A more complex example is a Shuffle-Dyck-k language, which is a shuffle of multiple Dyck-1; this is defined as $a^nb^nc^n$. Here we require two counters, one for tracking $a^nb^n$ and $b^nc^n$. What is important here is that this is an example of a context-sensitive grammar!

As it turns out, this problem can be well modeled using SSMs, showcasing that SSMs can model context-free and context-sensitive grammars as well.

Hierarchical Structures Link to heading

Again we are using bracket matching; let’s start with a couple of examples: “([()]), (()[]), (([])[])”, we can already see that there is a hierarchical structure. Formally these are bounded-depth Dyck $\text{Dyck}_{K,h}$. According to Chomsky-Schutzenberger, if we push the depth $h \rightarrow \infty$ we have the fundamental backbone of context-free languages.

Again this is a problem that is a breeze for RNNs. A Two-layer Transformer is doing exceptionally well, but this is mainly due to the positional encoding. Similarly to Transformers, two layers of SSM can model the problem well, where the first layer is responsible for encoding the depth of the brackets and the second layer tracks the last open bracket for each level of depth.

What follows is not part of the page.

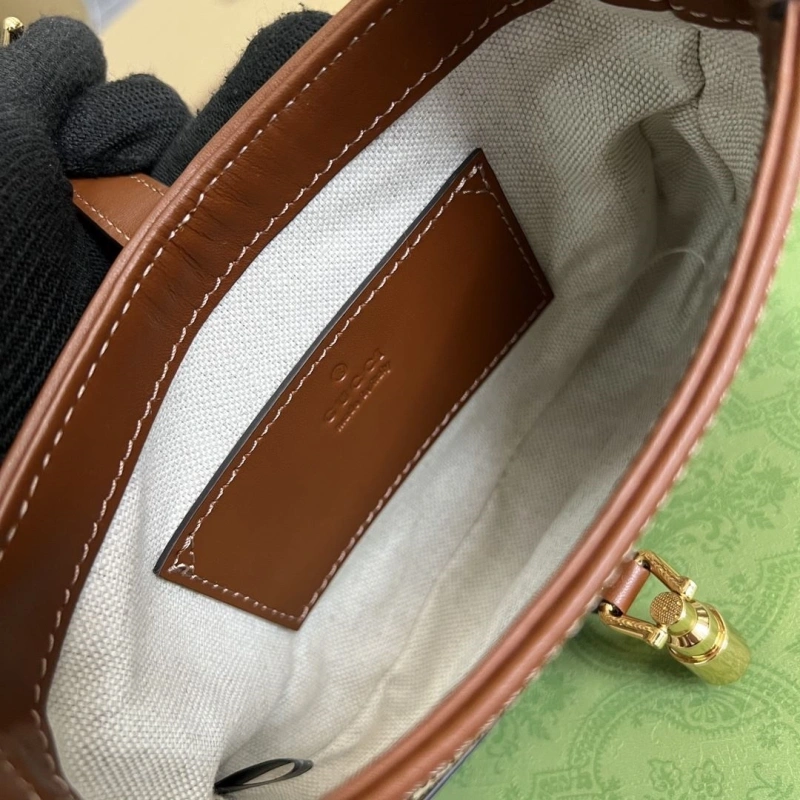 Gucci Top Handle Bags 4360C-0320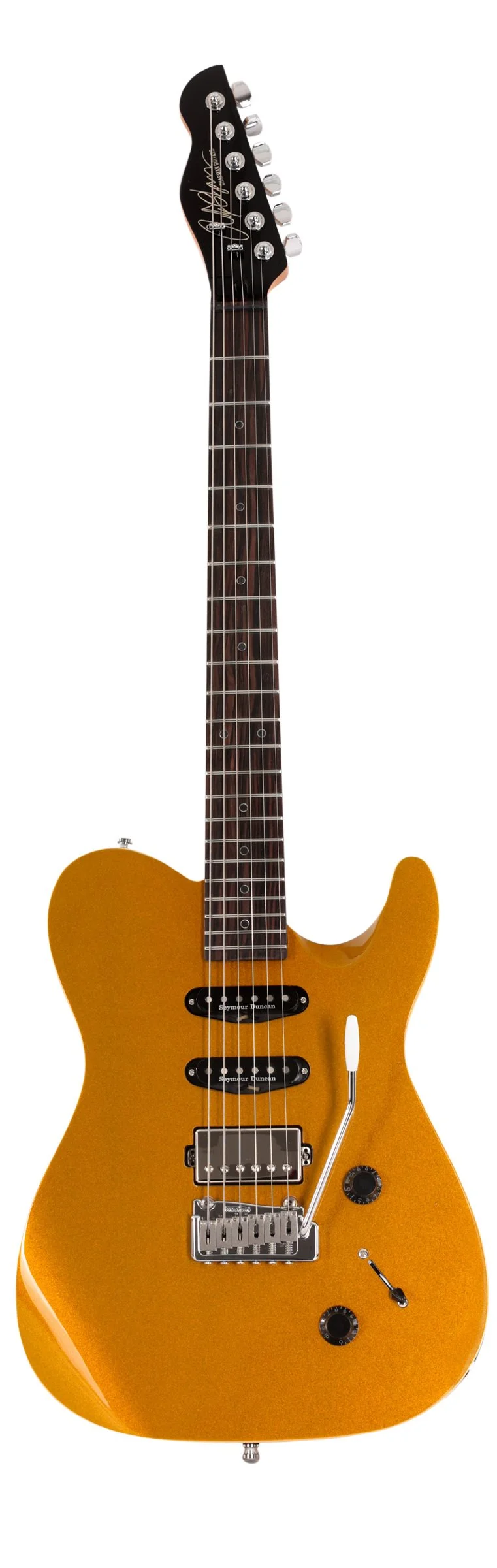 ML3 Pro X | Unleash Your Sound Today — Chapman Guitars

Modulo Counting Link to heading

Modulo counting is just counting the number of matching entries and taking the modulo of this count. This falls within Star-Free Languages, but SSMs fail to model this problem.

Results Link to heading

Transformers and SSMs are bounded to solve the same class of problems; however, they have different strengths. Transformers showcase better selective copying behavior, and SSMs are better at Flip-Flop-like state tracking. The biggest limiting factor for SSMs is their non-negativity of hidden state evolution, which allows for better scaling but reduces their expressivity. Overall, even though there is the word “State” in State Space Models, in Mamba this state is not comparable to the state found in Recurrent Neural Networks, but Mamba is managing to “fake” the state to a certain degree.